Biden Administration’s Ongoing Student Loan Debt Cancellation

In June, the Supreme Court dealt a blow to President Joe Biden’s ambitious multi-billion dollar student loan forgiveness program. However, despite the court’s ruling, his administration has managed to cancel an unprecedented amount of student debt in recent months.

The Supreme Court’s decision thwarted Biden’s plan to forgive up to $430 billion in student debt for millions of borrowers. Despite this setback, the Biden administration has successfully canceled over $48 billion in student debt since the summer, benefitting nearly 3.6 million individuals by erasing a total of $127 billion in student loans since taking office.

This remarkable success in debt cancellation can be attributed to existing student loan forgiveness programs designed to assist specific categories of borrowers. These programs include individuals who have been repaying loans for over two decades, those defrauded by for-profit colleges, and public-sector workers.

In addition to leveraging existing programs, President Biden has countered some of the limitations imposed on forgiveness initiatives during the previous administration of Donald Trump. The administration temporarily expanded debt relief programs, thereby widening the scope of individuals who can benefit from debt cancellation.

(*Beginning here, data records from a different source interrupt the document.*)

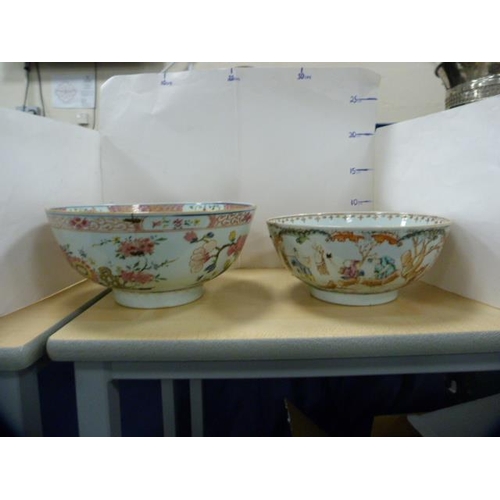 72 - 18th century Chinese famille rose bowl and a Chinese Mandarin-style famille rose bowl (both a/f).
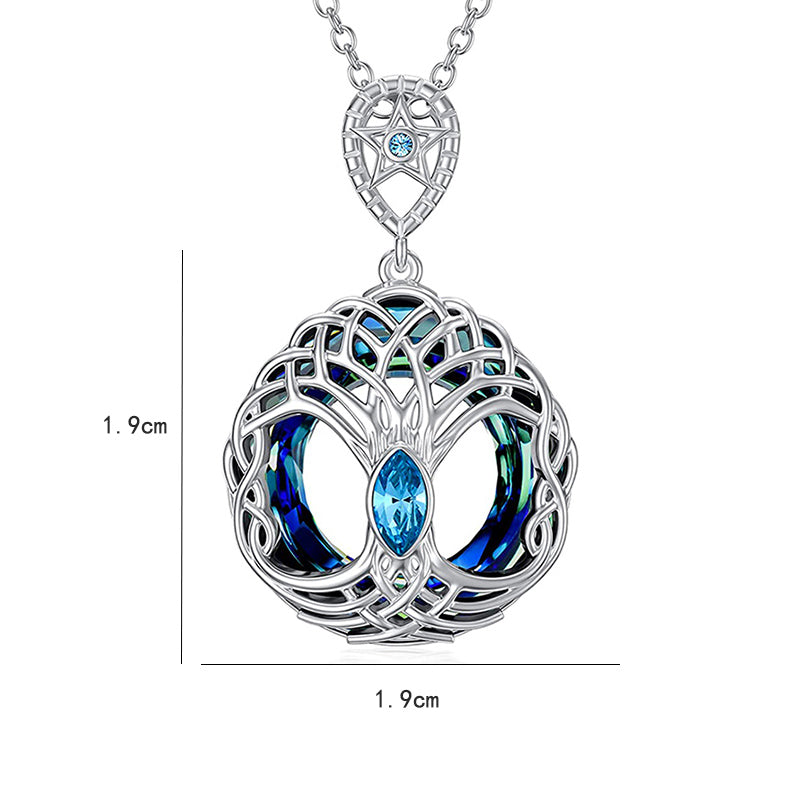 SAYCONA- Tree Of Life Necklace Blue Circle Crystal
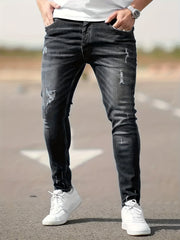 Slim Fit Tapered Jeans Mens Casual Street Style Distressed Denim Pants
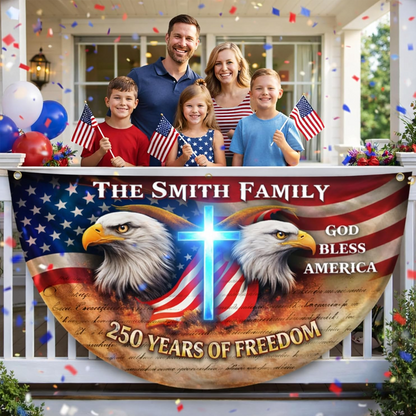 Personalized USA 250th Anniversary Bunting Flag with Family Name, Patriotic Eagle Design Banner, 4th of July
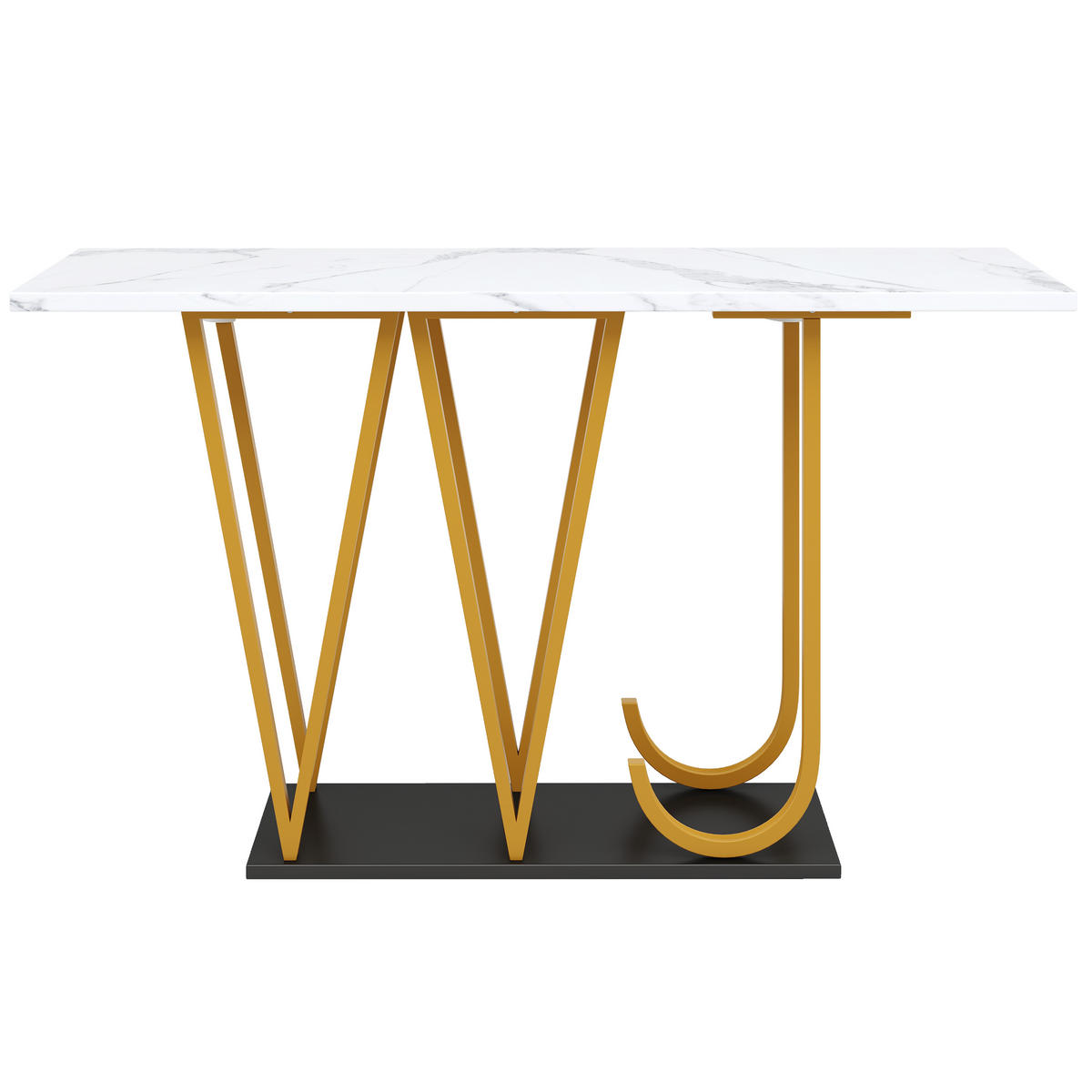 KONSOLENTISCH 120/29,5/80 cm Weiß Marmoroptik mit Stauraum aus MDF Metall - Weiß, Holzwerkstoff (120/29.5/80cm) - OKWISH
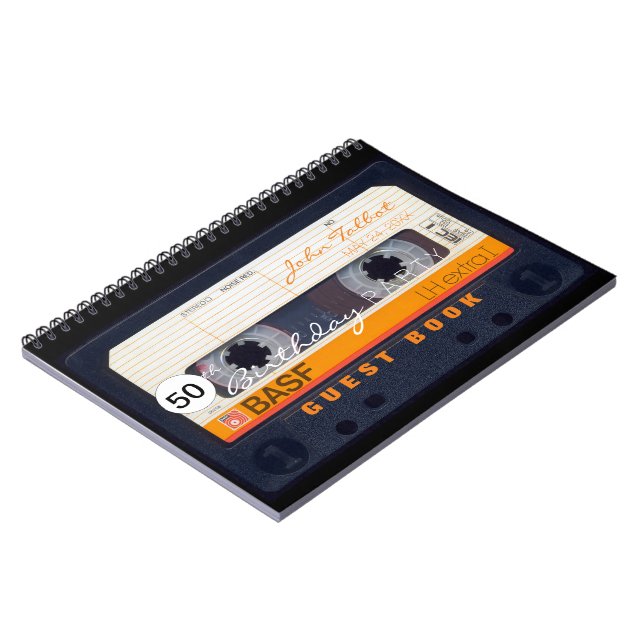 Carnet Orange Retro Audiotape 50e anniversaire GuestBook  (Côté gauche)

A significant portion of the debt forgiveness, nearly $42 billion, is related to federal student loans carried by approximately 855,000 borrowers enrolled in Income-Driven Repayment (IDR) plans. The Education Department acknowledged that part of their intent was to address “past administrative failures” through these measures.

It’s worth noting that former President Trump has claimed credit for thwarting Biden’s debt forgiveness plan, attributing it to his appointment of three Supreme Court justices. In a social media statement, he suggested that his nominations had played a pivotal role in blocking the program.

Meanwhile, potential 2024 Republican presidential candidate Gov. Ron DeSantis (R-FL) has been critical of student loan forgiveness, likening it to diverting tax dollars away from individuals who did not pursue a college degree.

On October 4, the Biden administration announced an additional $9 billion in student loan debt cancellation. This included $5.2 billion for Public Service Loan Forgiveness borrowers and $2.8 billion for IDR borrowers.

Biden’s previous attempt to forgive up to $20,000 in debt per borrower faced numerous legal challenges. His latest plan to wipe out $39 billion in debt for over 800,000 individuals under the IDR program is currently under dispute at the U.S. 6th Circuit Court of Appeals. The New Civil Liberties Alliance, a group that questions the legal authority behind this forgiveness, is contesting the plan.

Sheng Li, litigation counsel at NCLA, expressed concerns about the administration’s actions, stating that they are pursuing loan cancellations through administrative means that the Supreme Court has deemed unlawful.

The Education Department has pushed back against such legal challenges, characterizing them as “desperate attempts from right-wing special interests” that aim to keep hundreds of thousands of borrowers in debt. The department is committed to defending its position in court.

At the heart of the government’s argument is the question of whether years when borrowers were in forbearance or deferment, during which they did not make loan payments, should be counted toward loan forgiveness. This issue remains a focal point in the ongoing debate over student loan debt cancellation in the United States.